Syria - Arab socialists came to power gradually over time unlike the coups that brought socialist governments immediately to power in Egypt and Iraq. Starting with Nasser's rise to power, Syria gradually became a radical pro-Soviet Arab state. The 1961 coup in Syria brought Ba'athists to power for the first time although, like in Iraq, various coups in the 60s would bring various strongmen to power until finally the 1970 coup settled upon Assad taking power. Again, like in Iraq, Syria's government did invite Communists in although it did eventually manipulate them into loyal "opposition" parties. The Lebanon conflict breaks out in 1975 and Syria finds itself in an opportunity to allow their pragmatic politics to play out against Israel and the Lebanese Christians. The Syrian occupation of Lebanon from 1976 to 2005 begins during the conflict. At this time, the Muslim Brotherhood in Syria exploits populism to bring itself in direct conflict with the Assad government. The 1982 Hama Massacre ends this wave of Islamism in Syria. The 1991 Gulf War bring a temporary thaw in relations between Syria and the West although events in 2003 would widen the gap once again. Emerging sectarian tensions in Syria brought over from the Iraq War break out into civil war in 2011. The rest is history...

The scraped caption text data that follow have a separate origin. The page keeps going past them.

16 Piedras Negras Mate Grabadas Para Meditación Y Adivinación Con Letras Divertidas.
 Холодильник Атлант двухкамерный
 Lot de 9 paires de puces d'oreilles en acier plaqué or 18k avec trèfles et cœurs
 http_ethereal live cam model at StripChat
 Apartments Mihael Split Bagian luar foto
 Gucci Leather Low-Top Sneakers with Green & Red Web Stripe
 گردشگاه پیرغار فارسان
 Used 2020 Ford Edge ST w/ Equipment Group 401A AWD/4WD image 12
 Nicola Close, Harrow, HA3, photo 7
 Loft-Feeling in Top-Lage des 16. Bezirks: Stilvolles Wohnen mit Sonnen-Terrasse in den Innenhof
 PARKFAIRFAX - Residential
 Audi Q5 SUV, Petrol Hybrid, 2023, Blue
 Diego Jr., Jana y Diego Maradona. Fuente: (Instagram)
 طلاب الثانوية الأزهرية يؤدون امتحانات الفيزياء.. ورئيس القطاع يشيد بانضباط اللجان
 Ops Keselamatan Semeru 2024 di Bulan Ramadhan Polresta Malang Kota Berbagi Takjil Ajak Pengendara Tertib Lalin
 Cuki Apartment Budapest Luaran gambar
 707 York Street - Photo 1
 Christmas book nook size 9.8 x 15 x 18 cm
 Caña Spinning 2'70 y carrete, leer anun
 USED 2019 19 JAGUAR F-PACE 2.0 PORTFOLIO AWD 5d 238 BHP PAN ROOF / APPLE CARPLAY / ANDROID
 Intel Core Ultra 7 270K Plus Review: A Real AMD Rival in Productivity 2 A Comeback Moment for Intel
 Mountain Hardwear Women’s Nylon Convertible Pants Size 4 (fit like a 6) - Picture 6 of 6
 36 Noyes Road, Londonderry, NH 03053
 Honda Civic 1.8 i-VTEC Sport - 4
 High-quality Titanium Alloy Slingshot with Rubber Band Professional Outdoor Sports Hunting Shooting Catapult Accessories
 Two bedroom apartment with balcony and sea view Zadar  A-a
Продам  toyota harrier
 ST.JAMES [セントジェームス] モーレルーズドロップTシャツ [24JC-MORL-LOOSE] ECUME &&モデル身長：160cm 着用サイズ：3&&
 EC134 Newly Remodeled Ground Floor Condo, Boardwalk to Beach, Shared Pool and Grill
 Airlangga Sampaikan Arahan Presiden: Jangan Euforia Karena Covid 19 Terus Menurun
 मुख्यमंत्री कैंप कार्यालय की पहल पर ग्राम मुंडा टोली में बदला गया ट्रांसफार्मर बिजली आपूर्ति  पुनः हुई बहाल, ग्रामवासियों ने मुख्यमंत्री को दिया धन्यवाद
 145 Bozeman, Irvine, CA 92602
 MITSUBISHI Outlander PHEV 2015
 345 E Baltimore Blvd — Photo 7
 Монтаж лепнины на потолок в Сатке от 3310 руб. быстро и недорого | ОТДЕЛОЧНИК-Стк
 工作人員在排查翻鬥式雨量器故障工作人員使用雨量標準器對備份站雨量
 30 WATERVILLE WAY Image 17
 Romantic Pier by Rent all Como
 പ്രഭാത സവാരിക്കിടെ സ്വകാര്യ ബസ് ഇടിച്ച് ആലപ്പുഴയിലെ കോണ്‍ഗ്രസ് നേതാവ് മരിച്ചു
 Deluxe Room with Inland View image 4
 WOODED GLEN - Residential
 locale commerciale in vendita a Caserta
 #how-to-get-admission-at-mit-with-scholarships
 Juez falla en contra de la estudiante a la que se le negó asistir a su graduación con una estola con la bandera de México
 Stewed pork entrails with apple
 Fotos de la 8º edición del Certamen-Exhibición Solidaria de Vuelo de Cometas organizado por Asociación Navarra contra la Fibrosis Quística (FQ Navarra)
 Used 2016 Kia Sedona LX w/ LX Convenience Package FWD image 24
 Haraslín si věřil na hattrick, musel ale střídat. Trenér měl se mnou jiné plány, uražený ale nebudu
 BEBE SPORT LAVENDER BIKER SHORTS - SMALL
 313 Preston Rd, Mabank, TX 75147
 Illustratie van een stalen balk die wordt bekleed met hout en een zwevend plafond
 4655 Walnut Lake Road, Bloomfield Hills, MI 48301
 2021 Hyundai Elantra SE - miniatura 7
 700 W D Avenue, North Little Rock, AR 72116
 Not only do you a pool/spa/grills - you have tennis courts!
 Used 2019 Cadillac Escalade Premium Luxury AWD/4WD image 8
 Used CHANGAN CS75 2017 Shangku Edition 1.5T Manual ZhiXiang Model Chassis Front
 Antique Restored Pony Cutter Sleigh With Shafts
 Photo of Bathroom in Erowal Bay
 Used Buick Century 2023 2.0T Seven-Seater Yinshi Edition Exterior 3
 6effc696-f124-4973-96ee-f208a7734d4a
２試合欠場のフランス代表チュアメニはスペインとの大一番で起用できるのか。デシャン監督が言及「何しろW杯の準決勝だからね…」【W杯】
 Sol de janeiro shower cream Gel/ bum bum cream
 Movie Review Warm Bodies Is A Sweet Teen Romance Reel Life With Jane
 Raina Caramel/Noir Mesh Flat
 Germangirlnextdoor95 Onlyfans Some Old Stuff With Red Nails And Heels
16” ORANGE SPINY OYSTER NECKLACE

Egypt - The first Arab socialist government was under Nasser who came to power in 1954. Initially, he openly pandered to the Americans to obtain military and economic support to challenge the British who had until recently occupied the country through a large military garrison. However, 1955 brings the Soviets into favor because the Americans wouldn't dare give weapons to Nasser to fight the UK with. 1956 Suez War makes Nasser the all-time hero in the Arab world. His timely popularity leads him to search for a popular political ideology. As the Soviets' primary friend in the Arab world, he pays lip service to socialism unique to the Arab narrative. He brings in land redistribution and such but by the dissolution of the UAR in 1961, his idealistic approach to politics ends and he begins teetering between non-alignment and being a pro-Soviet clientele. As Nasser gradually shies from the Soviets, the Syrians take advantage of this and become the primary Soviet client in the Middle East. After the 1967 Six-Day War, the Soviet client status that Egypt enjoyed slowly shifts to Syria. By the Yom Kippur War, all Soviet support for Egypt ends especially with the kicking out of Soviet military advisors by Sadat in 1972. The 1978 Egypt-Israeli Peace Treaty leads to the beginning of neo-liberal policies in Egypt with the Infitah. By the time Mubarak comes to power, Nasser's legacy has been lost in the interests of becoming an American puppet regime.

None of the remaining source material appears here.